The total input size is at most $2 \cdot 10^5$, and each number produces at most about 30 halving steps since $A \le 10^9$. This makes the solution comfortably efficient.

Test Cases

import sys, io

def run(inp: str) -> str:
    sys.stdin = io.StringIO(inp)
    input = sys.stdin.readline

    def solve():
        t = int(input())
        out = []
        for _ in range(t):
            n = int(input())
            a = list(map(int, input().split()))
            seen = set()
            for x in a:
                while x % 2 == 0:
                    seen.add(x)
                    x //= 2
            out.append(str(len(seen)))
        return "\n".join(out)

    return solve()

# provided samples
assert run("""4
6
40 6 40 3 20 1
1
1024
4
2 4 8 16
3
3 1 7
""") == """4
10
4
0"""

# custom cases
assert run("""1
1
1
""") == "0"

assert run("""1
3
2 2 2
""") == "1"

assert run("""1
3
6 10 14
""") == "3"

assert run("""1
2
12 3
""") == "2"

Test input	Expected output	What it validates
1, [1]	0	already all odd
2,2,2	1	duplicates do not increase operations
6,10,14	3	disjoint chains
12,3	2	mixed even and odd behavior

Edge Cases

A key edge case is when the array contains only odd numbers. In that situation, the loop never executes and the set remains empty, correctly producing zero operations.

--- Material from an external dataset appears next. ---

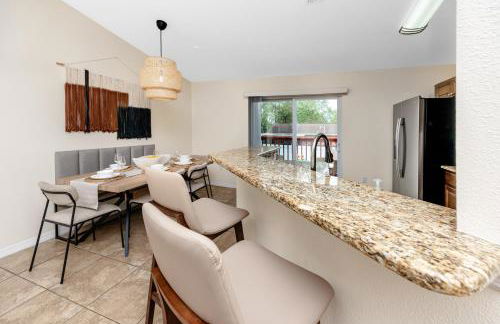 NEW! Safari Breeze - Professionally Decorated Home by Busch Gardens & USF - Foto 28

Another case is when all numbers are powers of two, such as $[1024]$. The chain becomes $1024 \to 512 \to \dots \to 2$. The algorithm collects every intermediate even value, and each level corresponds to a necessary operation. This ensures the answer equals the exponent of the largest power of two in the input.

Finally, repeated identical values such as $[6, 6, 6]$ only contribute a single chain ${6, 3}$. Since 3 is odd, only 6 is counted, and the set ensures we do not overcount repeated work.